[Working data — start]

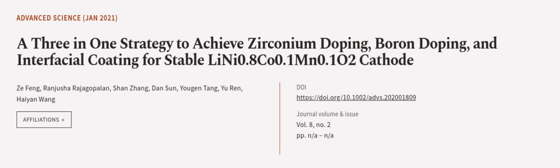This article was authored by Zhe Feng, Ranjusha Rajagopalan, Shan Zhang, and others. Visit article.tv, links in the description below.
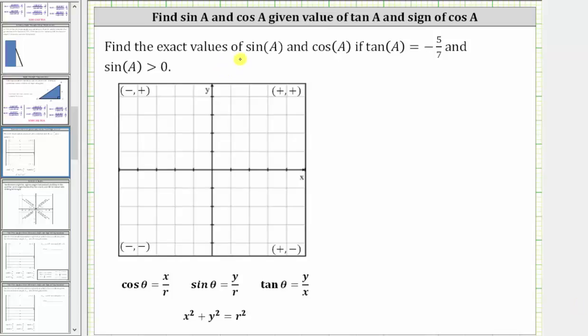We're asked to find the exact values of sine a and cosine a, if tangent a is equal to negative five-sevenths and sine a is greater than zero.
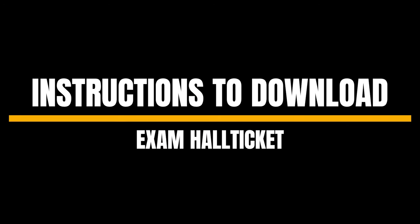Welcome to Dakshin Bharath Hindi Prachar Sabha YouTube channel. Let's see how to download the hall tickets for lower exams for February 2024 session.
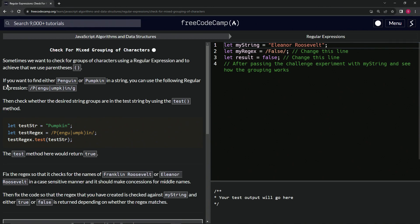If we want to find either 'penguin' or 'pumpkin' in a string, we can use the following regular expression: 'p', then inside parentheses either 'engu' or 'umc', then 'in', with a global flag after that. We check whether the desired string groups are in the test string using the test method.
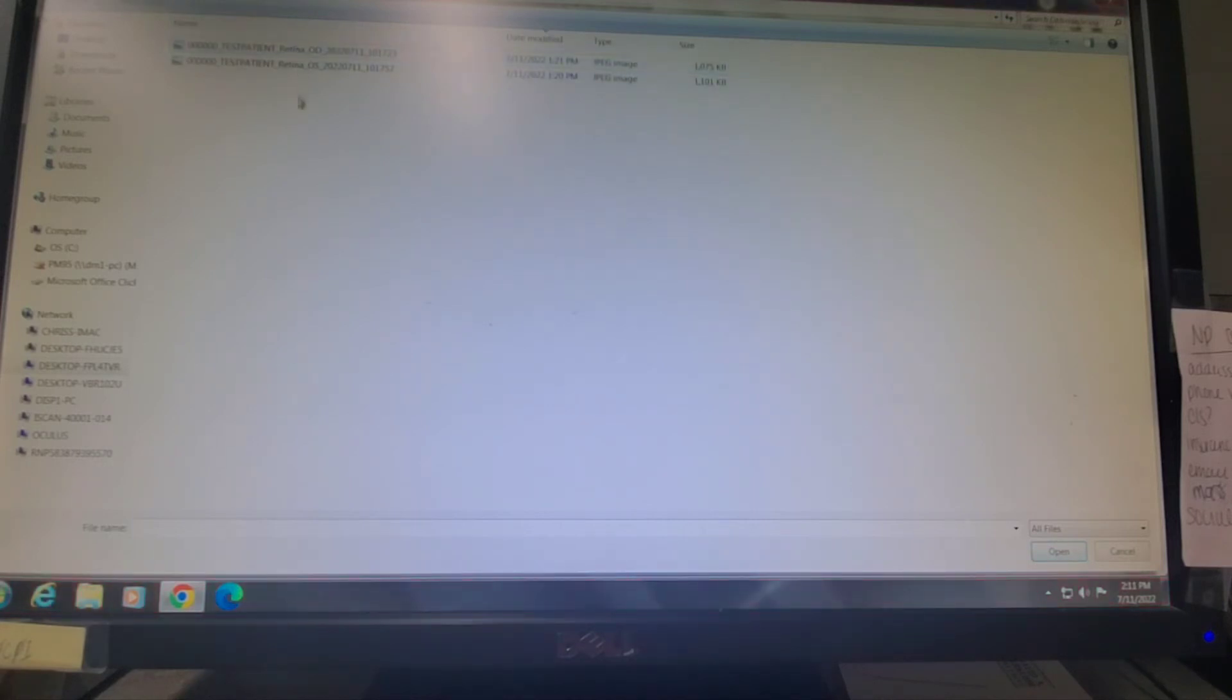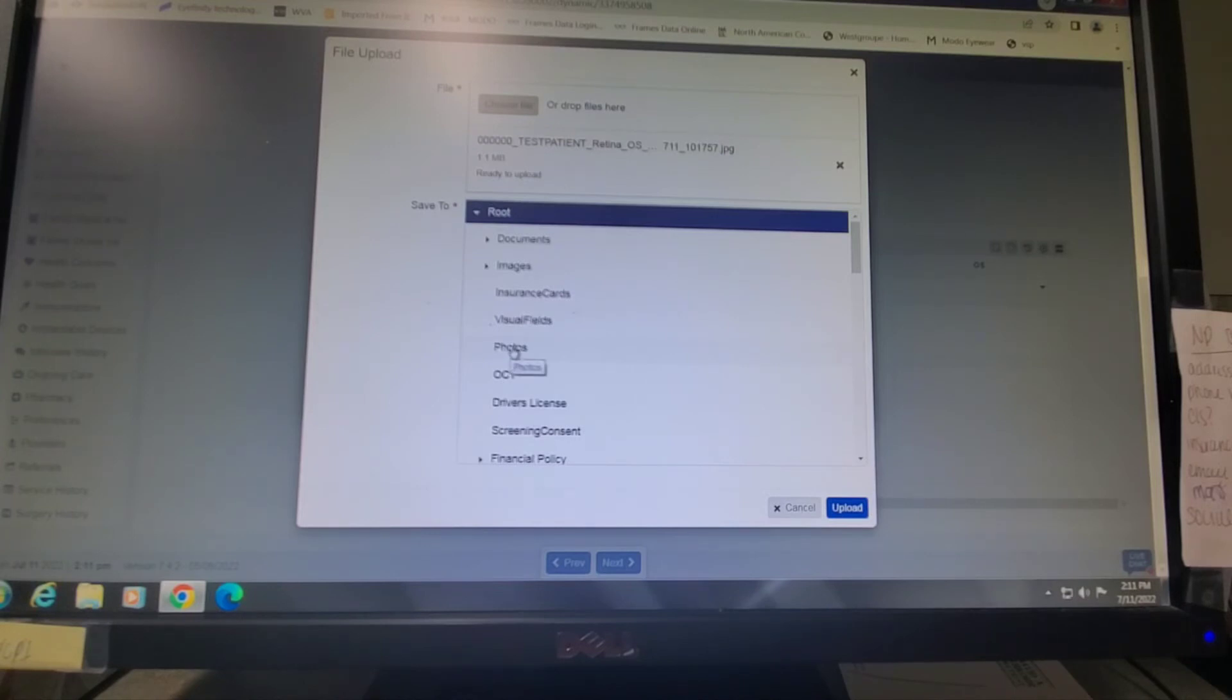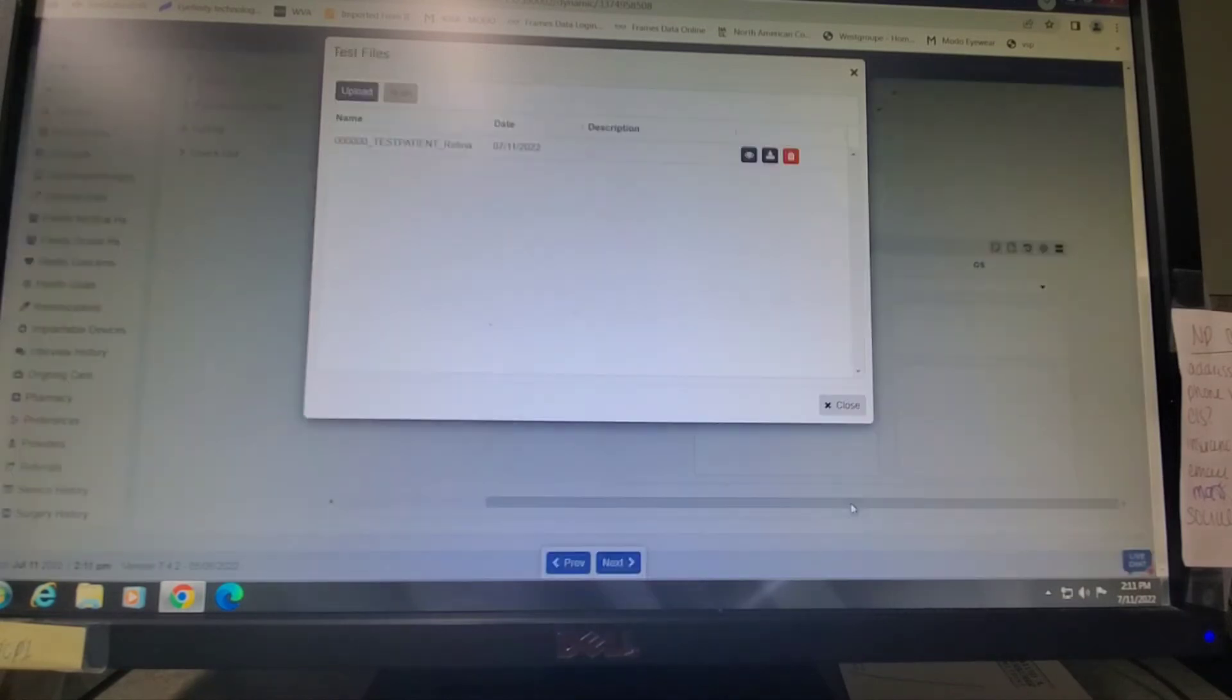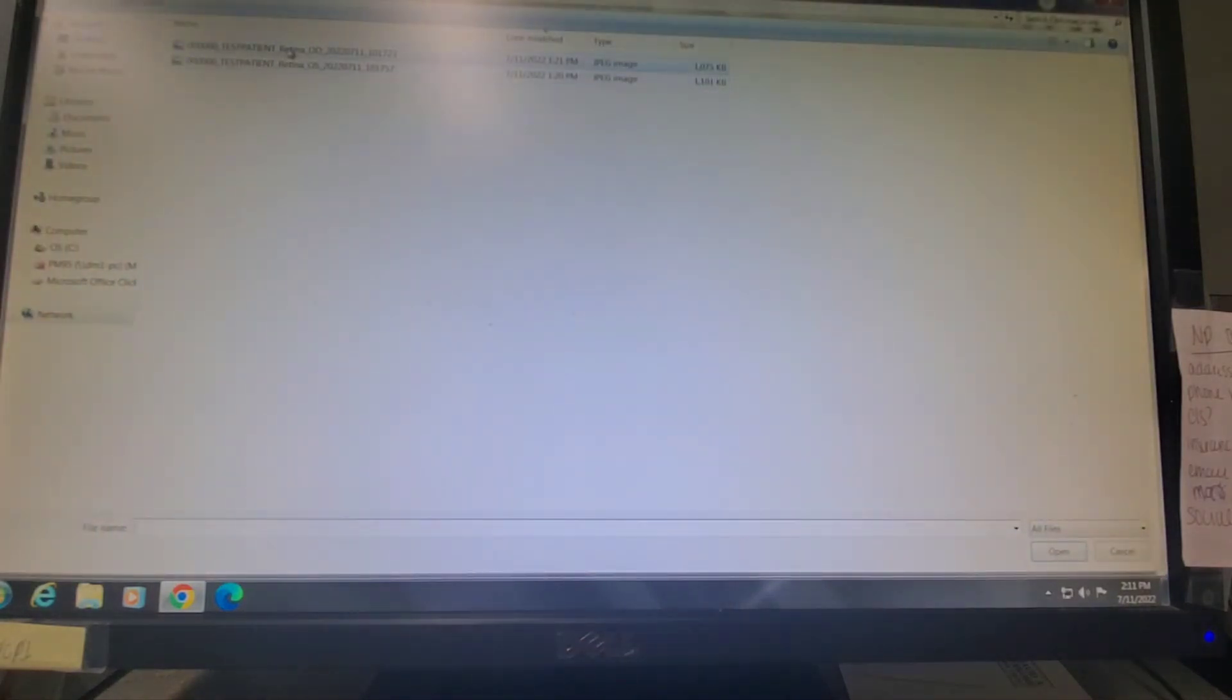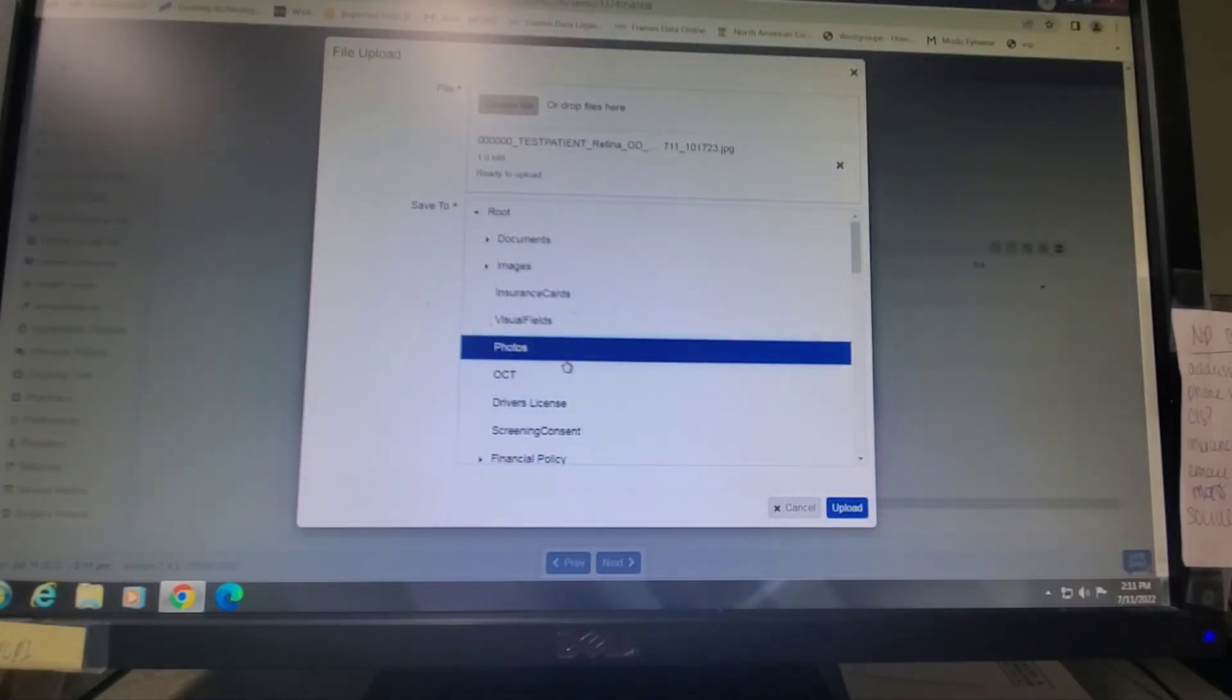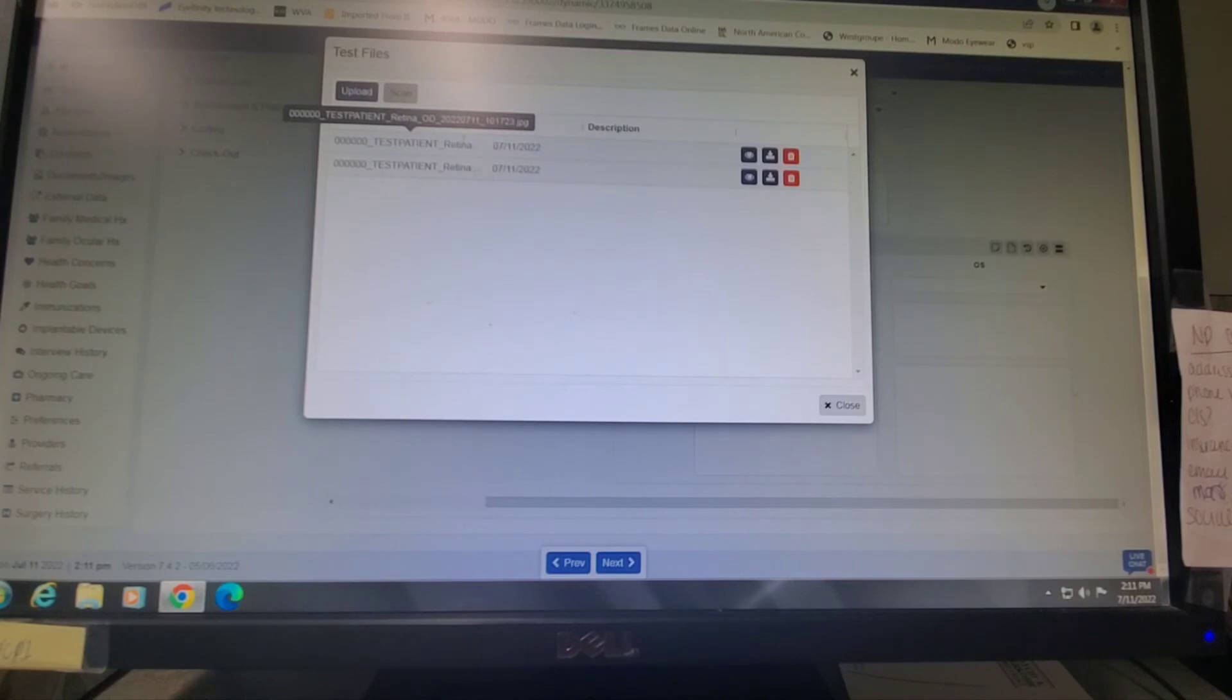Now you'll have the list of the photos that were exported. We want to upload the left eye first, so OS. Then we need to assign it to the photos folder. We'll click on photos folder and then click upload. Then now we need to upload the right eye. We'll go back to upload, choose file, click on the right eye, assign it to the photos folder and click upload.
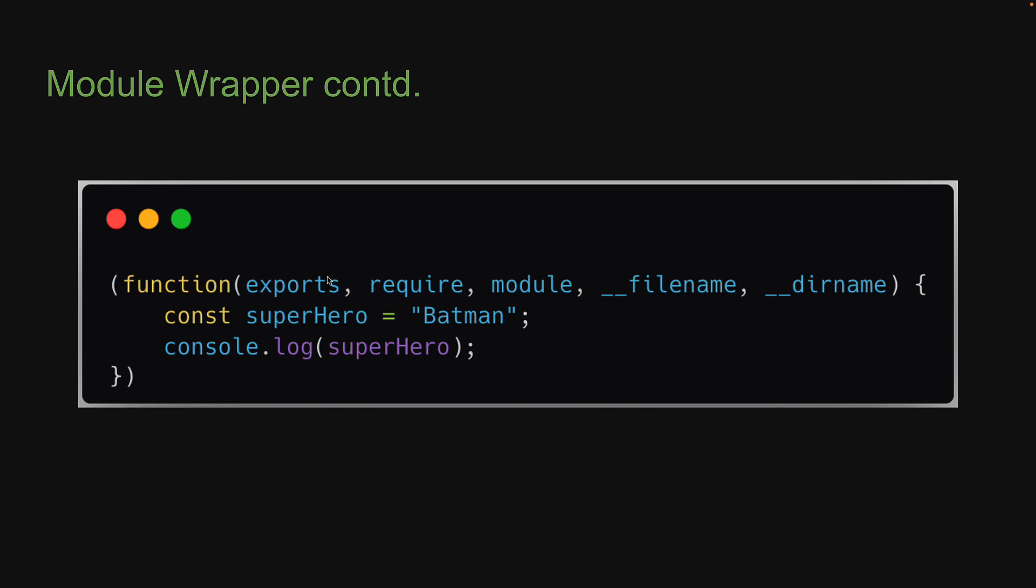Namely exports, require, module, __filename, and __dirname. They are available for use in every module. So, that is about the module wrapper.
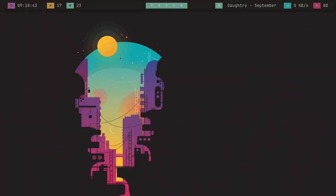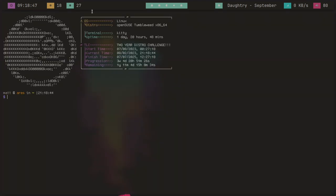Out of the box, BSPWM does not have a bar at all. If you don't want a bar you'll be happy, but if you do want one you have to find your own. The most popular choice is Polybar — I have an entire ultimate guide on Polybar linked in the video description. There are other alternatives too, like tint2, or even xmobar if you're in the Haskell world, but you have to choose and set up your own bar with BSPWM.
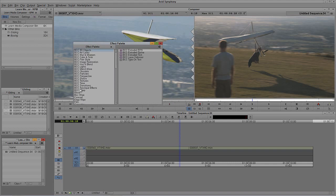I currently have Boris Continuum Complete 8 plugins installed. When you purchase Avid's Media Composer, you actually get some third-party products bundled with it. One of those is Avid Effects, which is actually Boris Red 5 rebranded, so you can do compositing right from within Media Composer without leaving the application to go to something like After Effects. If you purchased Symphony, you'll get not only Avid Effects but also Boris Continuum Complete 8. After purchase you'll receive an email with licenses to download these plugins — I encourage you to archive that email so you always have access to it.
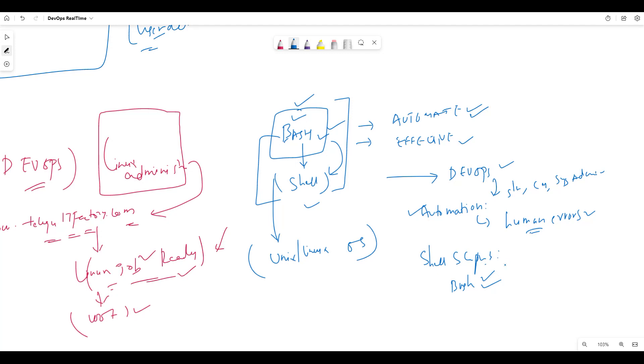We execute commands using Bash shell. It is a powerful tool for DevOps engineers. If we use servers and application sites, we can use shell scripting.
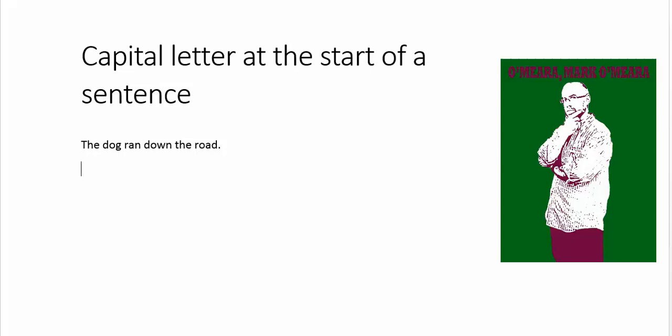The reason that some of you don't do this is because you're running your sentences together. So the dog ran down the road, road, the cat followed.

[Working data — finish]

### What you will do
The output should be the lines from the one with "We execute commands" through the end of the material above, both ends included, printed exactly and nothing else. Drop the pictures.

### Solution below
We execute commands using Bash shell. It is a powerful tool for DevOps engineers. If we use servers and application sites, we can use shell scripting.
The reason that some of you don't do this is because you're running your sentences together. So the dog ran down the road, road, the cat followed.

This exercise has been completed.